Kim Joo-hun (; born March 1, 1980) is a South Korean theater, television and film actor. He debuted in 2009 in the Korean adaptation of the stage play Marat Sade and was a member of Alleyway Theater Company until 2014. He is best known for his roles in the television series Encounter (2018), Dr. Romantic 2 (2020), It's Okay to Not Be Okay (2020), Now, We Are Breaking Up (2021), and Big Mouth (2022).

Career

Early career as member of Alleyway Theater Company 
Kim was born in South Korea on March 1, 1980. He majored in sculpture at an Hongik University College of Fine Arts. After being discharged from the military, he wanted to become an actor and entered the acting department. Kim studied at the Seoul Institute of the Arts where he received bachelor degree from the Department of Theater and Film. 

He used to be more interested in the film class and just doing only few theater works. His debut as an actor was in an independent short black and white film A Matter of Principle in 2008. Kim and actor Shim Jae-hyun were working in a school play, they were approached by Professor Park Geun-hyung, one of university professor of the Seoul Institute of the Arts and also leader of Alleyway Theater Company, who invited them to see his play. Kim drawn into theater world, then later debuted in the Seoul Theater Company's Korean production of the play Marat, Sade (2009) by playwright Peter Weiss under direction of Park Geun-hyung himself. Kim also became member of Alleyway Theater Company.
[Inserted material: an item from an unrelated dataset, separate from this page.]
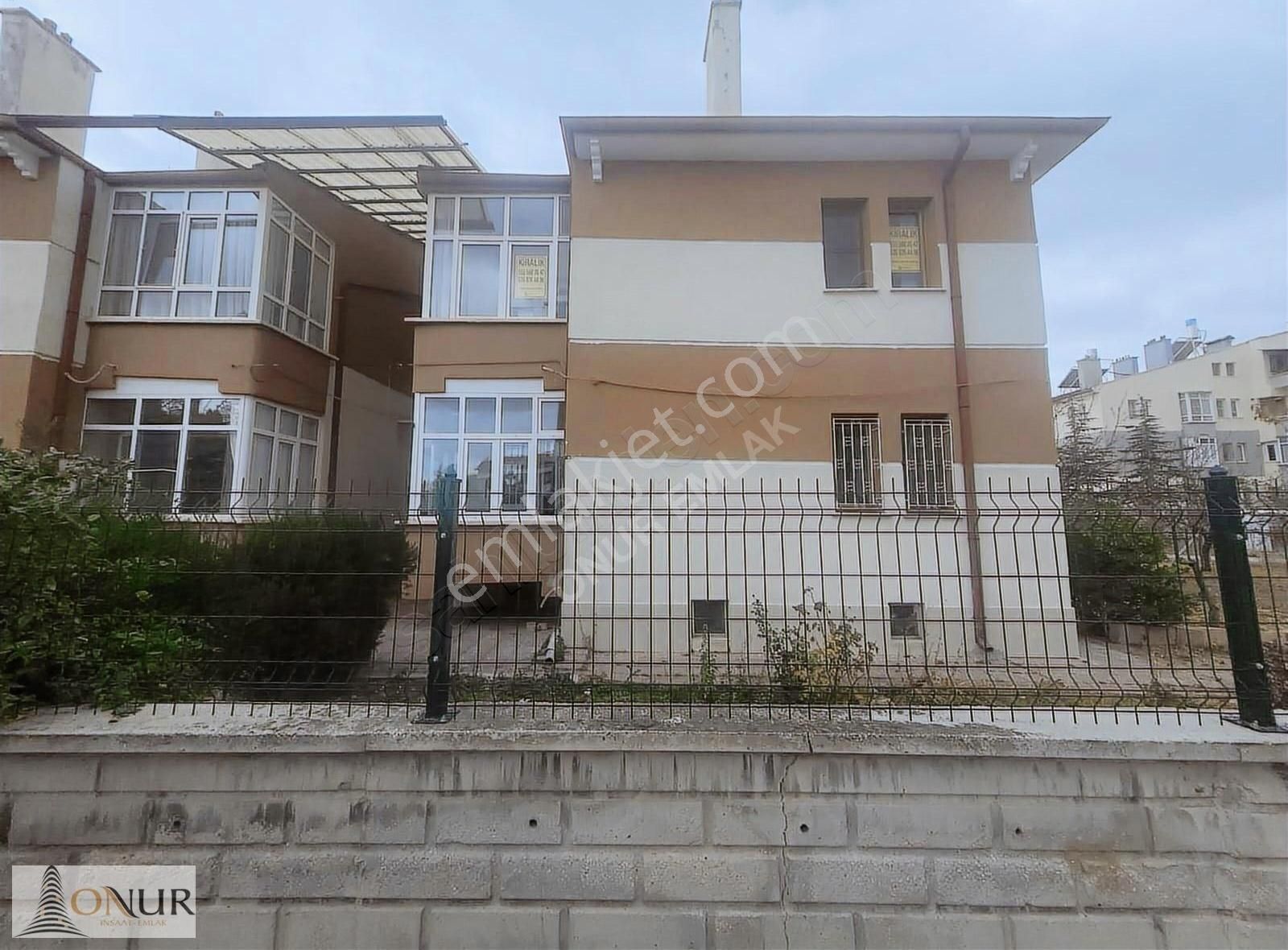 Selçuklu Buhara Kiralık Daire Onur Emlak Buhara Mah. Barış Cad. Yakını 3+1 Kiralık Daire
In 2013, in 10th Anniversary Festival of Alleyway Theater Company, Kim acted as poet Lee Sang in Korean two-hander play Raising the Sun in the Sky by playwright Kwon Tae under direction of Lee Eun-joon. This work imprinted Kim Joo-hun's name in theater world, as winner of Best Actor in the 11th Drama Festival Acting Award. In the same year he acted in minor role in feature film Way Back Home (2013).
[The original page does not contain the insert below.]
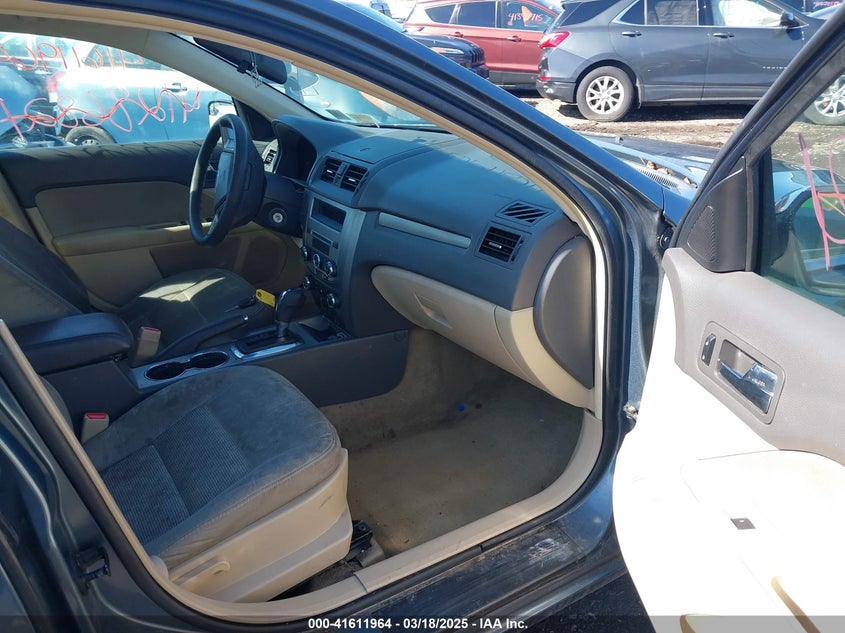 2011 FORD FUSION VIN: 3FAHP0HA1BR233759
Hiatus from Theater and Comeback 
Kim left Alleyway Theater Company in 2014 and took hiatus as theater actor for around three years. He did manual labor as construction worker to earn living. Within those years, Kim still accepted minor roles in various films. He subsequently appeared in The Con Artists (2014), Tazza: The Hidden Card (2015), Planck Constant (2015), The Accidental Detective (2015), A Violent Prosecutor (2016), and a box office film Train to Busan (2016). He also debuted in television with minor roles in OCN drama series Squad 38. In 2015 Kim sign exclusive contract with Urban Ent.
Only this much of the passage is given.